Why pylint rule `W1203` is important

cover

If you have been using pylint tool to check the format of your Python code you may have encounterd the rule W1203: logging-fstring-interpolation but you didn't really understand why it's important.

The warning looks like :

path/to/my/file.py:37:4: W1203: Use lazy % formatting in logging functions (logging-fstring-interpolation)

It appears when you are using the Python logging library. On the pylint documentation about this rule it is said that you shouldn't use f-string formated strings.

The exemple given is :

Problematic code:

import logging
import sys

logging.error(f'Python version: {sys.version}')  # [logging-fstring-interpolation]

Correct code:

import logging
import sys

logging.error('Python version: %s', sys.version)

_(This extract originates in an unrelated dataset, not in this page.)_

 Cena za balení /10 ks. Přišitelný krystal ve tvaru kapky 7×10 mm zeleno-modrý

But why using f-string string in the logging context is a bad idea an can a huge impact on the performance of your application ??

The logging library

The Python logging library is the standard library to implement logging in an application or a script. It replace the traditional print statement. It allow to have an unified log output format and select multiple level of verbosity on the fly.

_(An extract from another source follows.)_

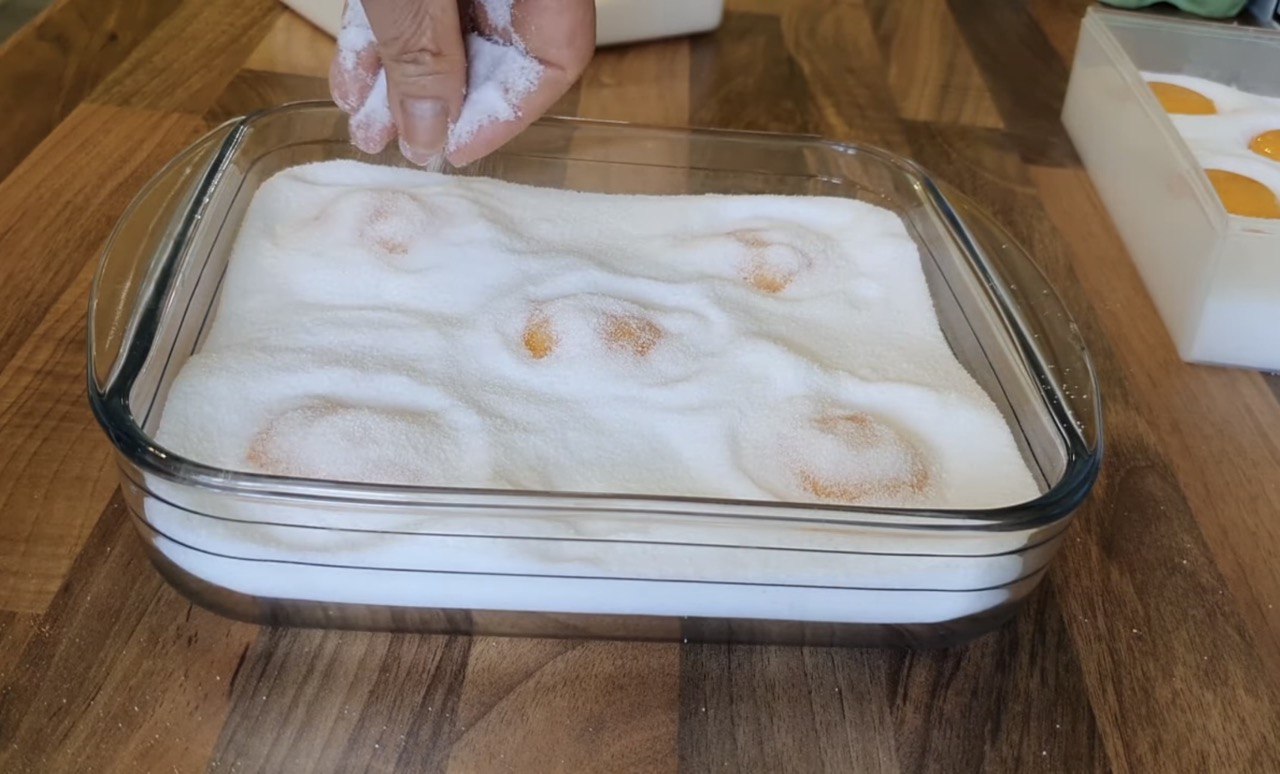 Это готовят профессиональные повара мира: как засолить желток и в какие блюда добавить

Using the logging library you display logs (on the stdout or in a file) with multiple levels like : info, warning, error, debug, see more. You can then set the logging level of the logger to one of them.

For example if you decided that you want only usefull logs when running in production, you will set the logging level to error. Only the logs with level error or critical will be printed. But if you are in development environment, you may want to be in the debug logging level to show all possible logs.

What is the problem then ?

Full example

In a production environment, if you have a logs of type debug that call other functions, thoses will interpolated even if it will never be printed.

For exemple you have a simple code :

import logging
import sys
from datetime import datetime

logger = logging.getLogger()
handler = logging.StreamHandler(sys.stdout)
logger.addHandler(handler)

# In production
logger.setLevel("INFO")
# In development
# logger.setLevel("DEBUG")

def handle_incoming_message(message):
  logger.debug(f"[{datetime.now()}] New message received : '{message}'")
  return len(message)

if __name__ == "__main__":
  total = 0
  for i in range(10000000):
    total += handle_incoming_message("my custom message")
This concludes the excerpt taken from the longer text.